Saturday, May 29, 2010

Muriel Coult - Forgotten Heroine of Equal Pay Struggle


Muriel Coult

Muriel Coult was an active member of the Civil Service Clerical Association (the union is today, along with other merging partners, part of PCS, the Public and Commercial Services Union. She was described in the official history of the union as being a "woman who had shown exceptional energy on the Youth Advisory Committee".

She won much praise and admiration for her pioneering trade union education courses during the war. "In spite of enemy action, transport difficulties and the complications caused by evacuation and other war time problems, she made a great success of organising weekend schools in many parts of the country. So much so that many other unions followed CSCA initiative."

Muriel was elected to the Union's National Executive Committee in 1937, a position she held until 1944, when she became a full time official, taking the title of `Assistant Secretary’. But, despite Muriel's energy and commitment, she became increasingly marginalised within the union because of her openly left-wing views and membership of the Communist Party, especially after right wingers captured the union in 1949.

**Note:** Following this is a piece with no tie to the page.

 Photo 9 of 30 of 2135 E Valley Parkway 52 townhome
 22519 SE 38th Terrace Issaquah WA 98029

However, this did not stop Muriel Coult playing the leading role in organising the uni
on’s campaign for Equal Pay. The campaign was started on 11th February 1953with a debate on Equal Pay in the House of Lords, moved by Lord Pethick-Lawrence, who had played a part in the original suffragette movement.

This was followed up with a much-copied photo opportunity; on Valentine’s Day 1953, Muriel Coult and two other union representatives delivered a huge valentines card, with an Equal Pay slogan on it, to the Chancellor of the Exchequer, with the words “remember your promise of 16th May - Be true to US on budget day”!

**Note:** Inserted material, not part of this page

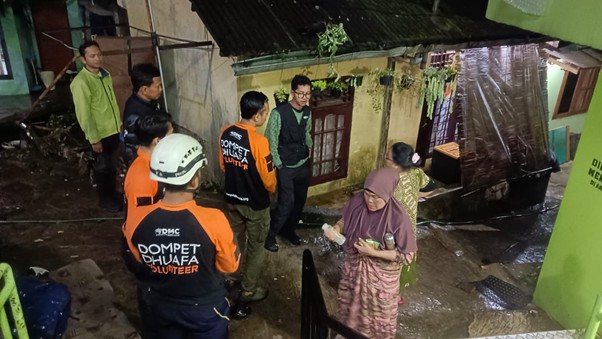 respons banjir jabodetabek2 dompet dhuafa Tim DMC Dompet Dhuafa sedang melakukan asesmen dan evakuasi di Cisarua, Bogor, Senin (03/03/2025).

Muriel Coult urged union members to collect signatures in homes, offices, special meetings, factory gates, shopping centres, and anywhere else. The aim was for a million signatures. In the event they collected 700,000 and this was presented on Equal Pay Day 9th March 1954 to the House of Commons by Douglas Houghton (a Labour MP) and Irene Ward (a Conservative MP). Outside, flags were flying bearing the old suffragette colours of purple and white, and there were purple and white buttonholes, purple and white stickers, and purple and white handbills - all bearing the slogan "Equal Pay on Budget Day".

It being Budget Day, the Chancellor posed with his red box for the famous photography. At the last minute, a group of union members produced from under their coats banners promoting equal pay, thus securing considerable press and television coverage.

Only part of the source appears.